-------- Supplied information --------

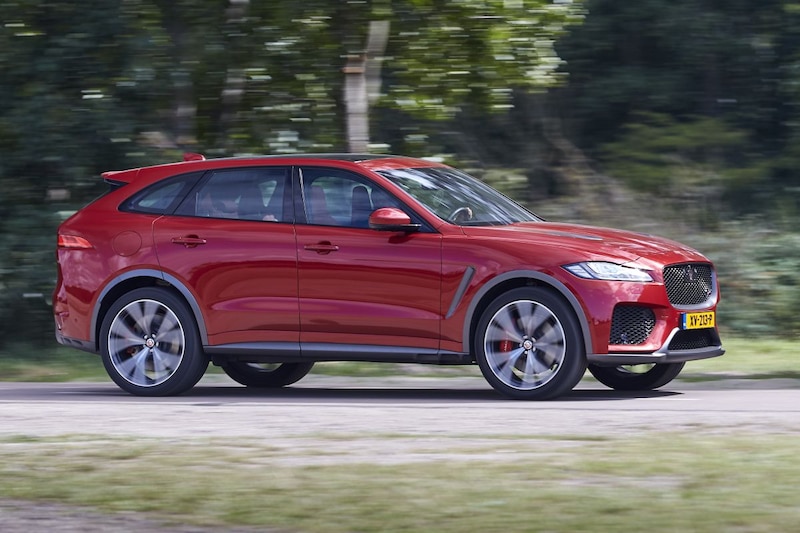 Jaguar F-Pace SVR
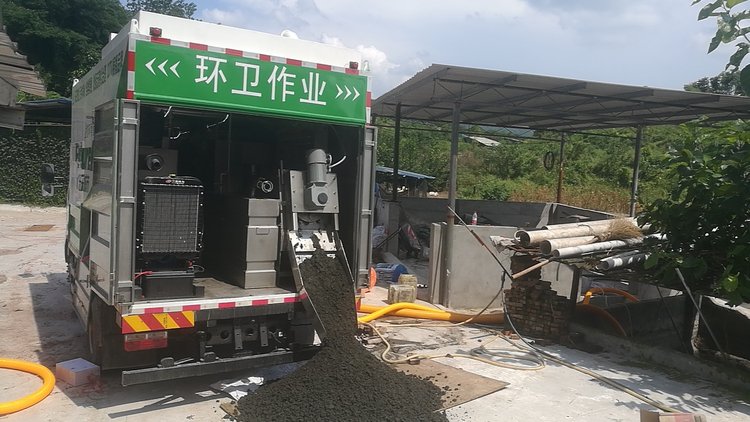 广河污泥干湿分离技术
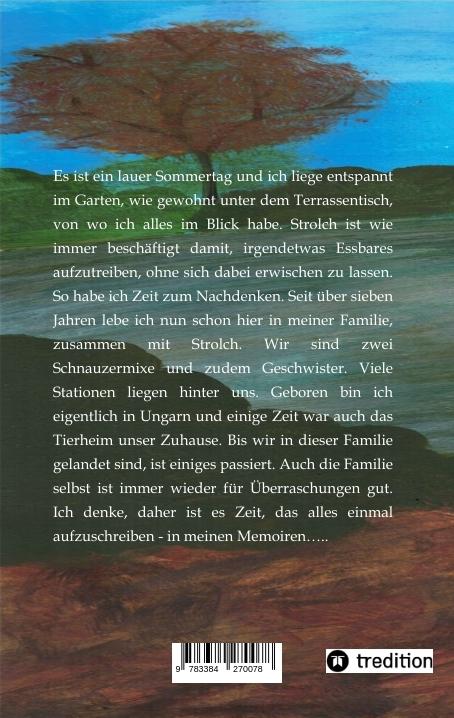 Rückseite: 9783384270078 | Mein Leben mit Strolch | Memoiren einer Hündin | Tina Roth | Buch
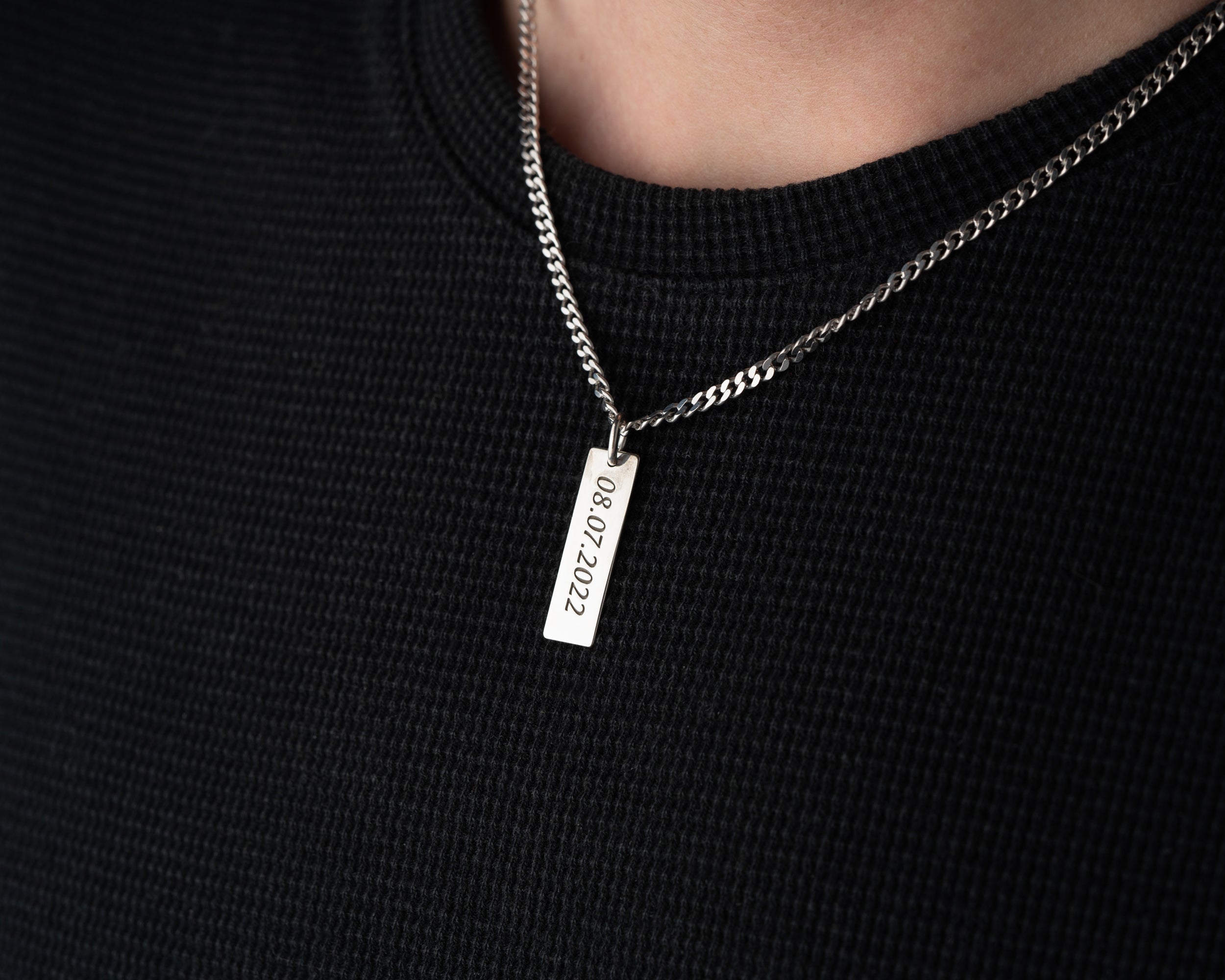 Custom Sterling Silver Pendant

--------

> **Exercise brief**
Repeat each line above exactly. The pictures stay out.

> **Answer section**
 Jaguar F-Pace SVR
 广河污泥干湿分离技术
 Rückseite: 9783384270078 | Mein Leben mit Strolch | Memoiren einer Hündin | Tina Roth | Buch
 Custom Sterling Silver Pendant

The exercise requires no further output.